Of 2612 records screened, nine were included in the review (five TAVI, three SAVR and one which included both interventions). Among 4923 TAVI patients, meta-analysis showed 12-month mortality rates of 19.1% for the frail cohort versus 9.8% for the non-frail cohort (RR 2.53 (1.63 to 3.95), p<0.001, I=83%). For the smaller cohort of SAVR patients (n=454), mortality rates were 20.3% versus 3.9% for the frail and non-frail cohorts, respectively (RR 5.08 (2.31 to 11.15), p<0.001, I=5%).

CONCLUSIONS

Frailty, as determined by the CFS, was associated with an increased mortality risk in the 12 months following either TAVI or SAVR. These data would support its use in the preoperative assessment of elderly patients undergoing aortic valve interventions.

摘要

目的

欧洲和北美瓣膜性心脏病指南建议在主动脉瓣介入治疗前对虚弱状况进行评估。然而,对于如何最佳测量这一状况,目前尚未达成共识。临床虚弱量表(CFS)是一种经过充分验证的虚弱程度衡量标准,计算相对较快。
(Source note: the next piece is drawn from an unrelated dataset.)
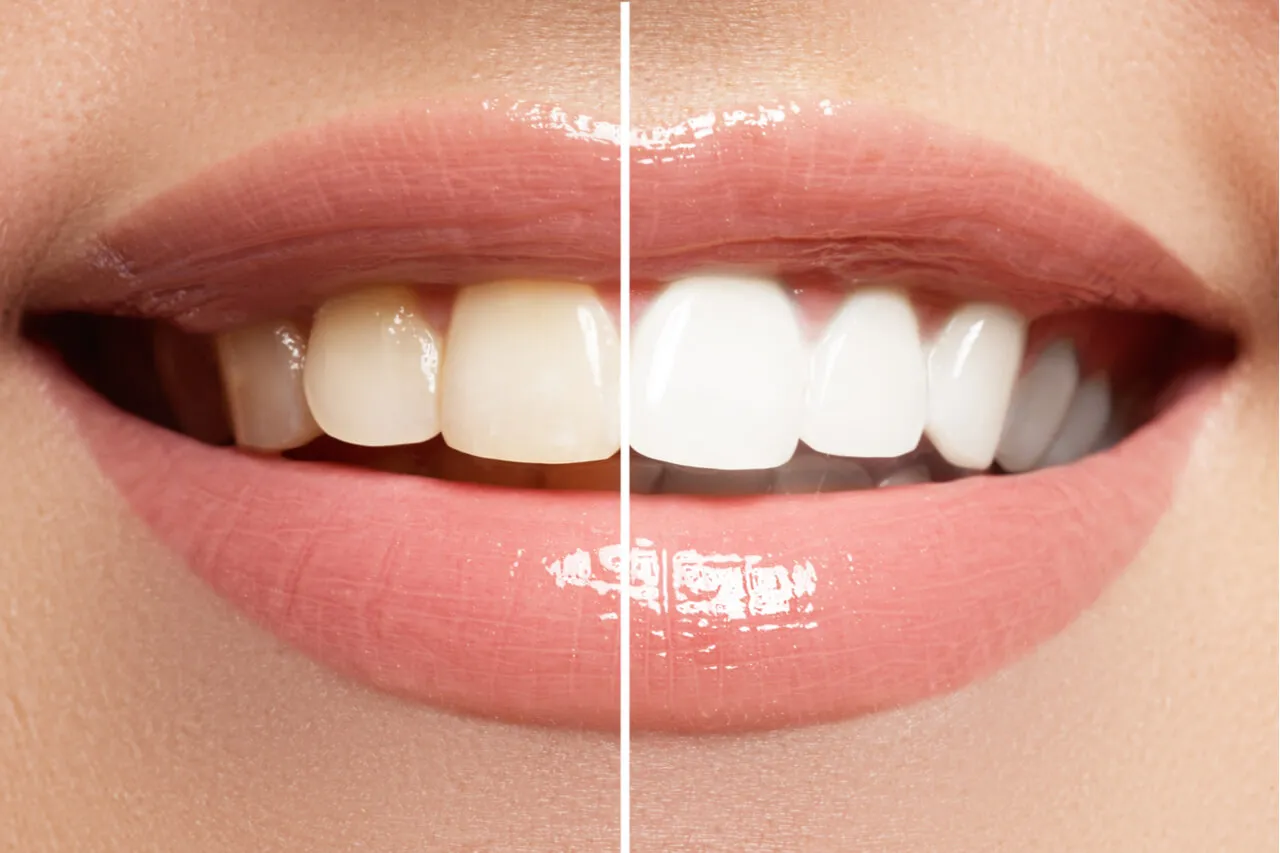 29273 sensitivity to whitening agents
本荟萃分析旨在研究 CFS 是否可以预测经导管主动脉瓣植入术(TAVI)或外科主动脉瓣置换术(SAVR)后的死亡率和发病率。

方法

系统地在 9 个电子数据库中搜索 TAVI/SAVR 术后临床结局的数据,其中患者接受了 CFS 进行的术前虚弱评估。主要终点为 12 个月死亡率。分别评估和报告 TAVI 和 SAVR 数据。对于每个单独的研究,根据 CFS 评分为 5-9(即虚弱)与 1-4(即非虚弱)提取不良结局的发生率,并使用随机效应模型进行荟萃分析。

结果

在筛选的 2612 条记录中,有 9 项研究被纳入综述(5 项 TAVI、3 项 SAVR 和 1 项同时包含这两种干预措施)。在 4923 例 TAVI 患者中,荟萃分析显示虚弱组 12 个月死亡率为 19.1%,而非虚弱组为 9.8%(RR 2.53(1.63 至 3.95),p<0.001,I=83%)。对于 SAVR 患者(n=454)的较小队列,虚弱组和非虚弱组的死亡率分别为 20.3%和 3.9%(RR 5.08(2.31 至 11.15),p<0.001,I=5%)。

结论

CFS 确定的虚弱状况与 TAVI 或 SAVR 后 12 个月内的死亡率增加相关。这些数据支持在接受主动脉瓣介入治疗的老年患者术前评估中使用 CFS。